Tim Hawkinson

Bear 2005

  • Trees
  • Trees

Tim Hawkinson is known for taking a simple proposition to great extremes. He has a predilection for readily available materials - found, everyday objects, and often his own body - as material, reference, and model. He has a persistent fascination with perception, time, scale and the “primitive” or rudimentary. His process can be long and arduous, labor intensive, and repetitive. Play and humor emerge. Since the mid-1980s he has brought the most inventive and varied materials to life in a wide-ranging body of work, taking the ordinary into new and unexpected realms.

This is apparent in his work Balloon Self-Portrait, a latex cast of his own body, turned inside out and blown up; orBird, a two-inch-high skeletal creature made of fingernail clippings and superglue. For the Stuart Collection, Tim imagined a bear constructed of boulders. Eight granite stones - torso, head, ears, arms, and legs - were found locally. Together they make a bear 23'6" feet high with a total weight of 180 tons. Bear sits in the spacious Academic Courtyard formed by three signature engineering buildings: Atkinson Hall of the California Institute for Telecommunications and Information Technology, the Computer Science and Engineering Building, and the Powell-Focht Bioengineering Hall. First proposed in 2001, assembly of the sculpture took place onsite in May 2005 and the landscaping was completed in November 2005. Bear looks simple but was a sophisticated transportation and engineering feat. The process of placing and securing the boulders together was complex and unusual - actually unknown - in the construction world.

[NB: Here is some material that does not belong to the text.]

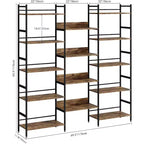 GustoWave 5-Tier Bookshelf and Bookcases,Industrial Style Book Shelf Open Display Shelves for Living Room Home Office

Bear pushes the bounds of credibility. Questions arise. Where did they find these rocks? How did they get them here? Are they real? How are they held together? On the one hand, the sculpture is massive, permanent, thoroughly engineered. At the same time, it has a form (a toy bear) that one knows to be soft and cozy - a form that one associates with childhood, play, and security. The bear can be seen framed through the trees lining the paths that lead to the Academic Courtyard. As you get closer, you see the mass, the monumentality and the stone surfaces. It becomes immense, especially in the context of the scale of a toy. The rounded, ancient, and weathered natural granite contrasts with the high-tech, anodized, and highly manufactured surfaces of the surrounding buildings. The notion of a bear in this world is surprising and provocative. This Bear has an astonishing and memorable presence.

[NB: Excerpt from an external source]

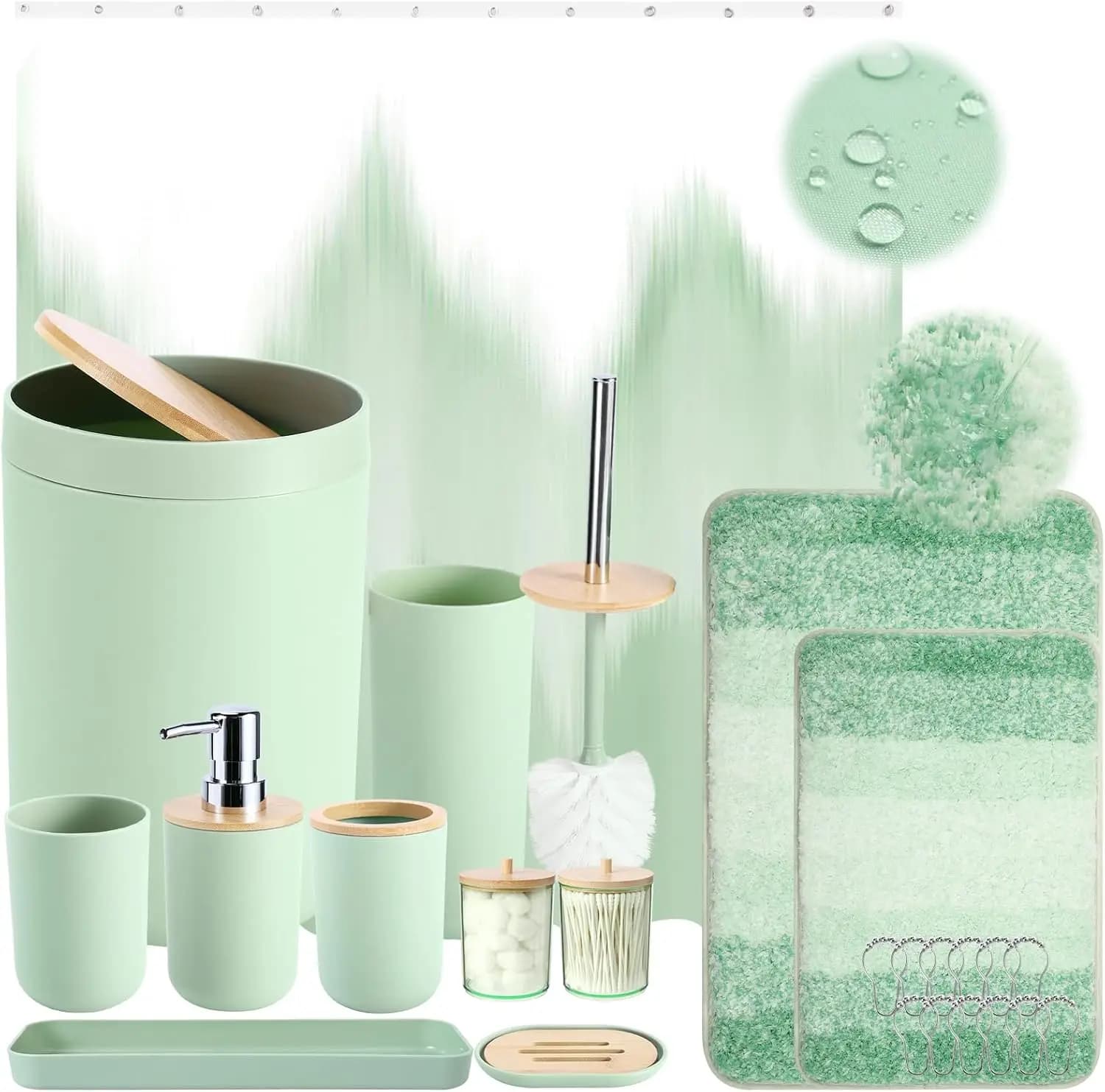 Set tenda da doccia impermeabile verde Ombre con tappeto ultra assorbente, accessori da bagno completi per la decorazione domestica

Born in San Francisco, Hawkinson studied at San Jose State and UCLA, and now lives and works in Los Angeles. His solo exhibitions have included shows at MASS MoCA and the Hirshhorn Museum and Sculpture Garden in Washington. A major and comprehensive mid-career survey of the artist's work - co-organized by the Whitney Museum of American Art in New York and Los Angeles County Museum of Art - was seen in both locations in 2005.